Recuerdo que hace cuatro largas décadas los pocos liberales de entonces nos sentíamos muy solos y angustiados por el destino incierto de nuestro país. Pero leíamos los artículos de Alsogaray en el diario La Prensa y recuperábamos el entusiasmo decaído. Era el faro que nos conducía en la oscuridad y nos sacaba del desaliento.
No ha llegado todavía el momento, pero el país (y también muchos liberales, que no lo quieren) le van a reconocer a Álvaro Alsogaray el enorme servicio intelectual que nos hizo a todos en su dilatada trayectoria pública. Se puede decir que gracias a él la Argentina recuperó el espíritu de Mayo y las ideas de Alberdi, eclipsadas durante tantos años por el autoritarismo, la demagogia y los mitos de las economías dirigidas.
La clase política le debe un desagravio. Cuando falleció, después de haber cumplido durante dieciséis años consecutivos una fecunda labor legislativa, la Cámara de Diputados le negó el discurso de despedida que se merecía. El 3 de abril de 2005 el bloque del ARI, y de otros partidos de izquierda se opusieron a que se pronunciaran discursos. El homenaje se limitó a entonces a un reglamentario minuto de silencio. Los legisladores que se opusieron a los discursos hasta se retiraron del recinto para no participar del módico recordatorio.
Muchos liberales tuvimos diferencias doctrinarias con él.
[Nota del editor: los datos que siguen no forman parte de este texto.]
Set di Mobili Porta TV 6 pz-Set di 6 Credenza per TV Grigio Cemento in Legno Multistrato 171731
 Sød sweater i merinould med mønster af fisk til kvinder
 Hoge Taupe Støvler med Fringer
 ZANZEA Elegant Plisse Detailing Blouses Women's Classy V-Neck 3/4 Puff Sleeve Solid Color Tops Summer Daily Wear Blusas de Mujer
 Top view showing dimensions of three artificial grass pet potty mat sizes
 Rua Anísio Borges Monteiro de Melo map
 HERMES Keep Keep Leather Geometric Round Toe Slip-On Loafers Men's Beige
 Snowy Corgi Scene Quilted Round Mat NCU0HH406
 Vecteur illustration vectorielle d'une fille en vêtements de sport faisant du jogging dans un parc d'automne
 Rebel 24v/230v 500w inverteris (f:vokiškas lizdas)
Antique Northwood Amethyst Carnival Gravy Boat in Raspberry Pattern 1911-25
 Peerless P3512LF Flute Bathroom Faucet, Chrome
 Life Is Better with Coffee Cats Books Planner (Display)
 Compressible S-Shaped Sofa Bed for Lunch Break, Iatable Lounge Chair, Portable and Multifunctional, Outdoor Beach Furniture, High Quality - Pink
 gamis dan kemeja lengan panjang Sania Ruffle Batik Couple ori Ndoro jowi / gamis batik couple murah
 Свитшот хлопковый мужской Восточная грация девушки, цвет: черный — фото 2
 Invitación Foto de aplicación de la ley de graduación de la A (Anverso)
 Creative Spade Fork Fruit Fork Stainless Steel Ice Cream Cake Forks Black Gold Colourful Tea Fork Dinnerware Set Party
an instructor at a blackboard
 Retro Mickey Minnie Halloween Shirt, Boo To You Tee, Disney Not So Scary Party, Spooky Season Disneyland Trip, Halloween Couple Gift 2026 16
Su modelo era la Economía Social de Mercado, de Ludwig Erhard, Wilhem Röepke y Luigi Einaudi (entre otros) que propone la teoría de las “intervenciones conformes al mercado”, conceptos que ―aunque rescataron la economía de Europa de la pos guerra― provocaban y provocarán entre los liberales eternas discusiones y polémicas. Pero más allá de esas disidencias lo admirábamos por la habilidad con que llegaba a la gente común para persuadirla de los beneficios de la libertad económica. Nadie, absolutamente nadie hasta hoy, ha enseñado los principios de la libertad con tanta solvencia, pasión y perseverancia. Ningún otro liberal fue jamás escuchado como él. Nadie consiguió despertar el interés de las personas sencillas, las que votan y no entienden nada de economía, como logró hacerlo Alsogaray.
Fue muy discutido y combatido dentro de la UCeDé aún por personas que alcanzaron gracias a él altos cargos y la notoriedad pública, pero ninguno de ellos, absolutamente ninguno, ha podido tomar su lugar, reemplazarlo en la imprescindible tarea de enseñarle y recordarle a la gente, entre otras cosas, cuáles son las causas de la inflación, por qué el excesivo gasto público desquicia las economías y cuáles son las ventajas que obtienen los trabajadores de la economía libre. Han pasado cinco años desde su desaparición y nadie ha llenado ese vacío.
Lo único que sabemos, hoy por hoy, es que Alsogaray nos hace mucha falta.